On December 16, 2022, CBC reported 2398 seizures of goods at customs for forced labour in the U.S.A. versus Canada’s one reported seizure (which was released after an appeal) for the year 2022.


The Quebec government maintains that it is not currently buying products from Supermax Healthcare. It was informed of the situation on October 20, 2021, and is looking at the legal levers it has at its disposal.

Buying products from companies that take part in forced labour can hurt the Canadian economy and undermine fair competition, as these companies have an unfair advantage over those that adhere to fair labour practices.
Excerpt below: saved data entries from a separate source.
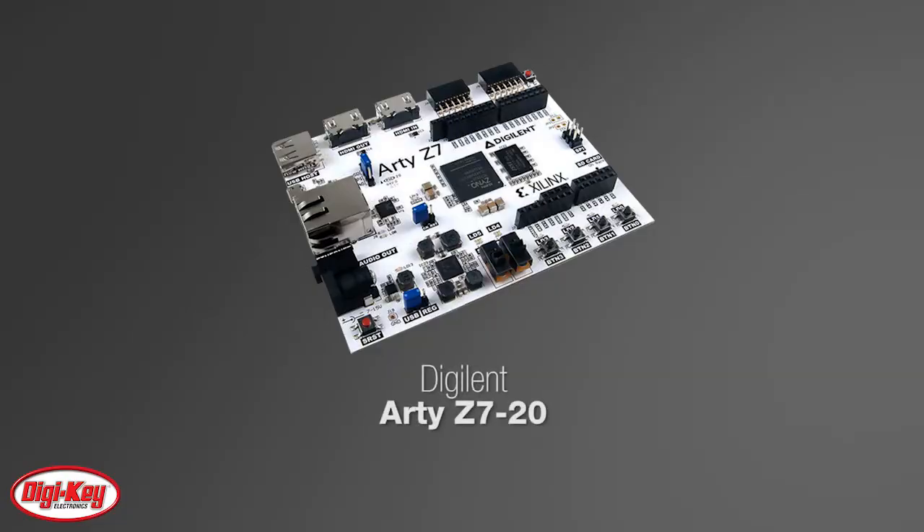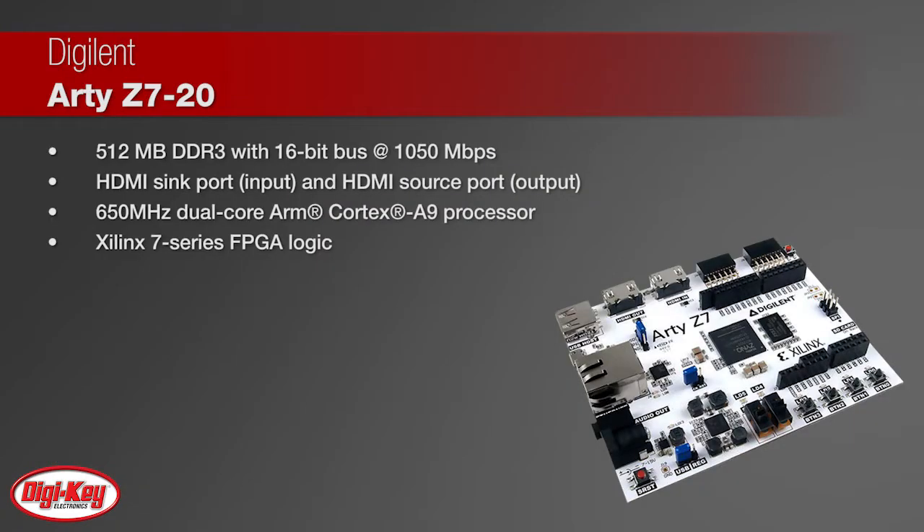Digilence RDZ77020 is a ready-to-use development platform built on the Xilinx all-programmable SoC Zynq 7020. It's made for custom video applications and capable of real-time video processing through the onboard 512 megabyte DDR3 and HDMI inputs and outputs.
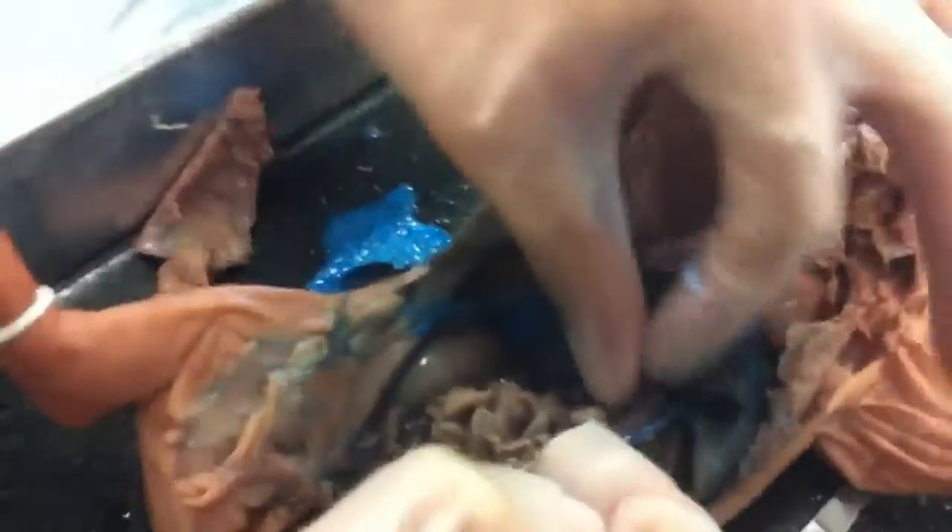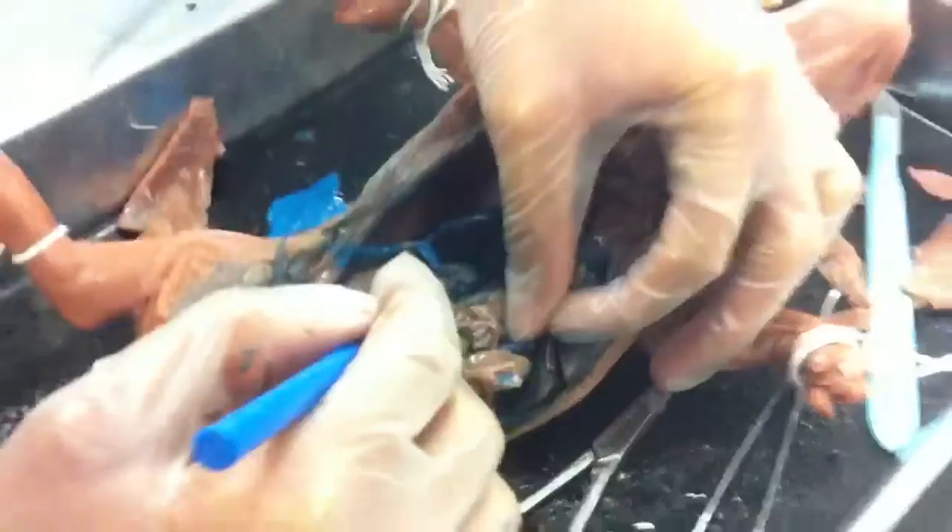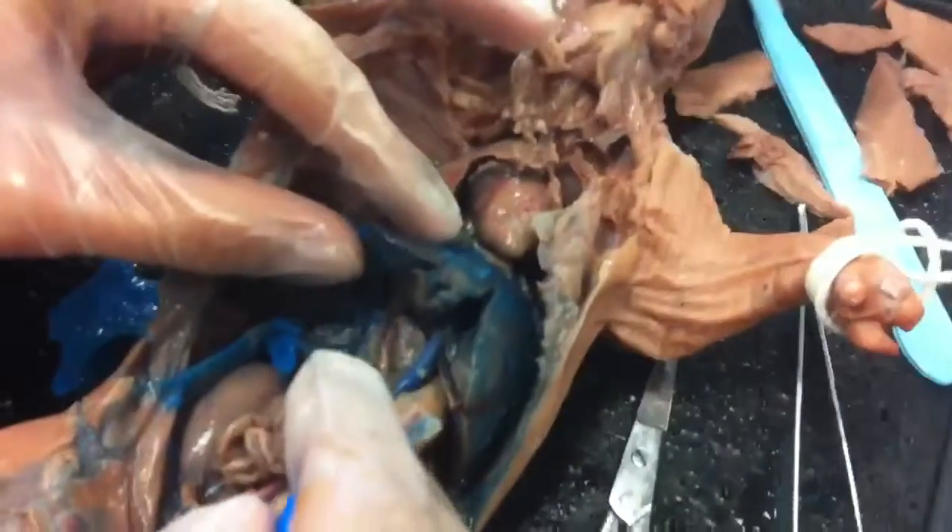And then the pancreas — it took us forever to find. There's the pancreas right here; it's the one part that looks rough. And then the pancreatic duct is this little part next to the pancreas that connects two parts — connects the right and the right. The common bile duct is actually this part right here.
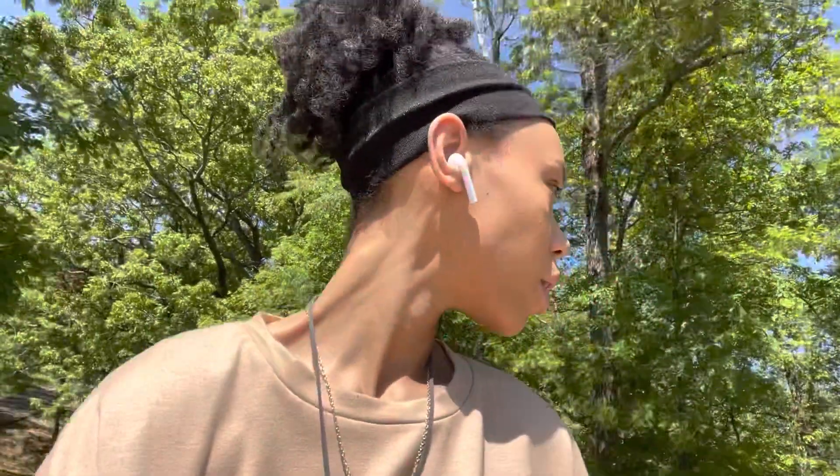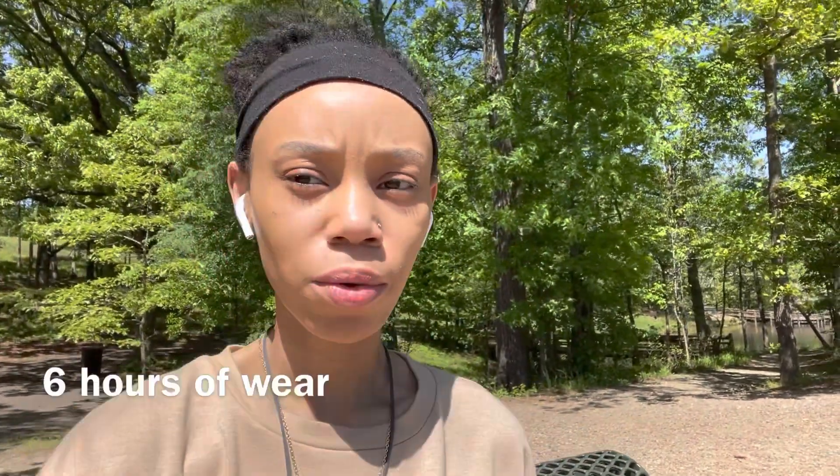I am at the park and I think I have this section to myself now, finally. Here is my face after applying the Rare Beauty — I forget what it's called — and here's what my face is looking like after however many hours of wear.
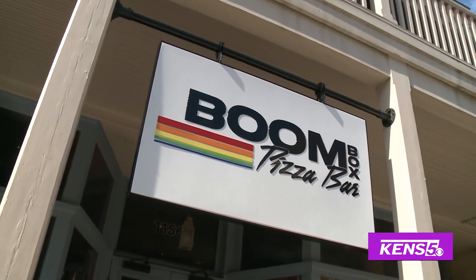We're back with executive chef Juan Carlos Vassan. Juan, welcome back. We're at Boombox Pizza Bar, and we're making a very special pizza this morning. Can you tell us what we're making?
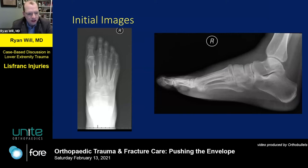Initial imaging was not super impressive, but showed a comminuted base of the third metatarsal. The second metatarsal was not lined up with the middle cuneiform. Normally you'd also expect some dorsal displacement, but because this was such a low energy injury, that wasn't the case. A CT was obtained as well, but those cuts weren't really all that helpful.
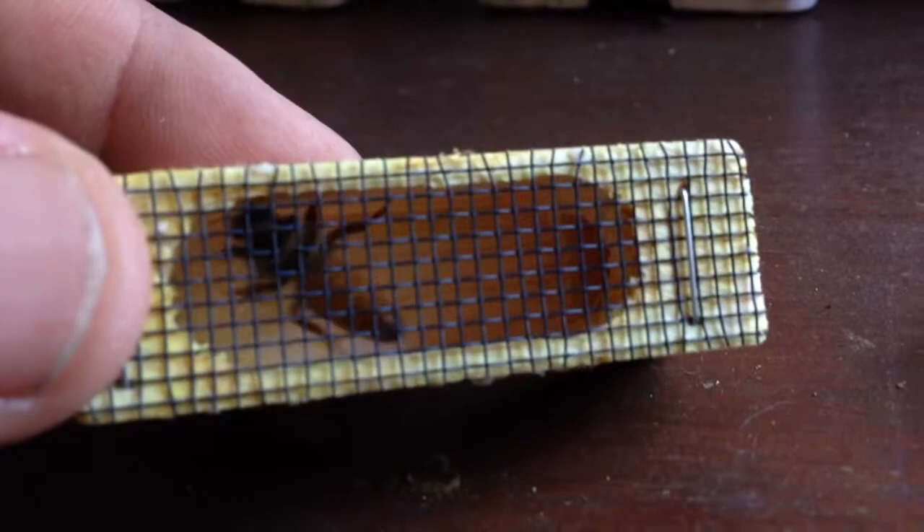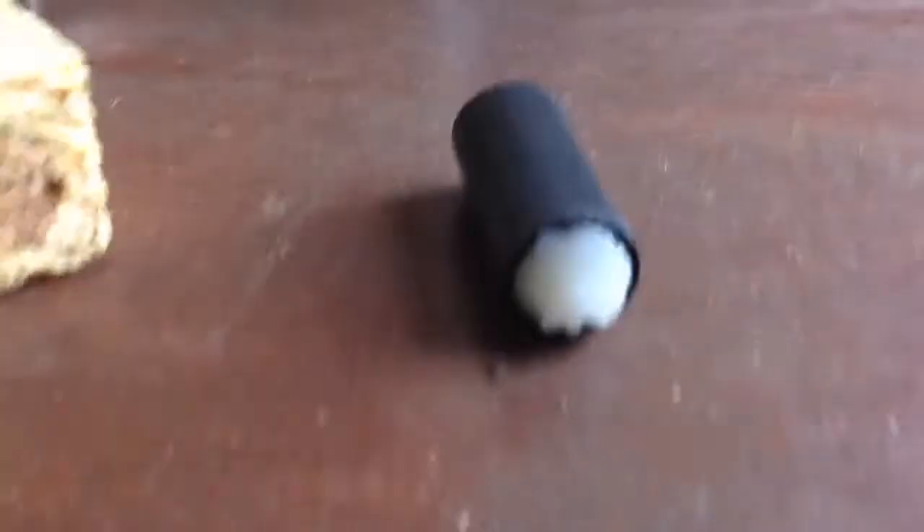Here's our new queen. She wants to come out of that cage. To let her out, we're going to replace this little round plug of cork with this hollow tube containing candy.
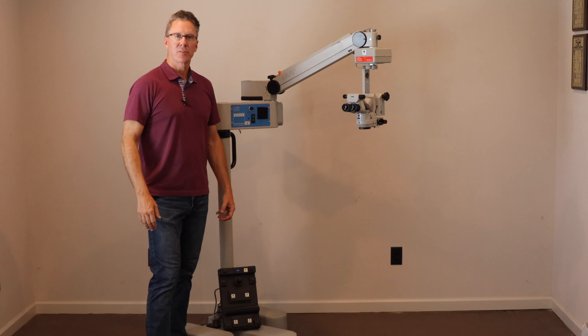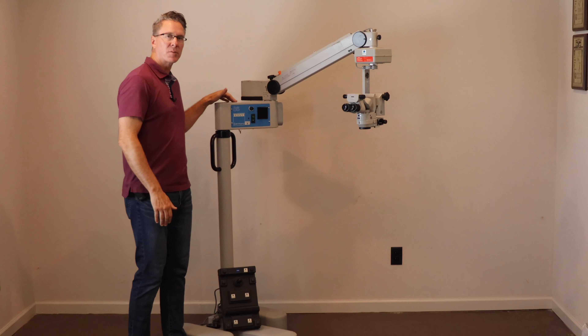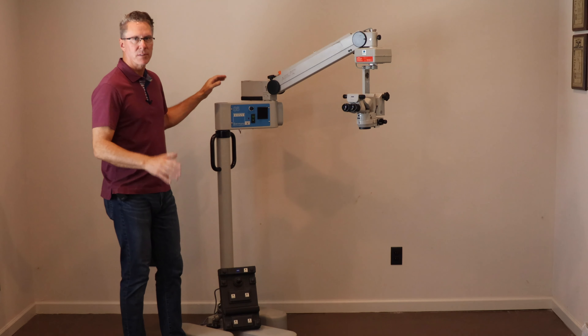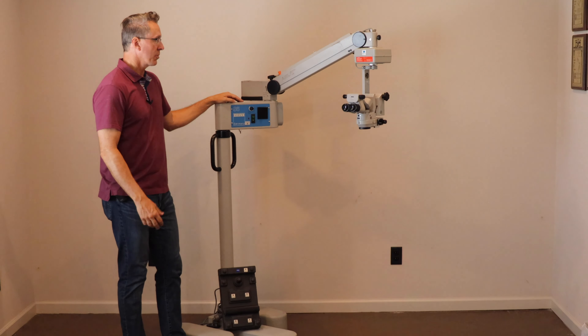Hello, I'm Rob Hewlett with Surge Instruments, here to talk with you about the Zeiss MDU on S5 floor stand that we have in our inventory. Zeiss sold thousands of these microscopes for ophthalmology. It is a terrific system for ophthalmology.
This can lead to job losses and a decline in the competitiveness of Canadian businesses. Furthermore, if the Canadian Government is not taking action, this will create an opportunity for other countries to step in and fill the void, and Canada will lose credibility as an advocate for human rights globally.

A parliamentary committee recommends that the government do more to stop the importation of forced labour goods!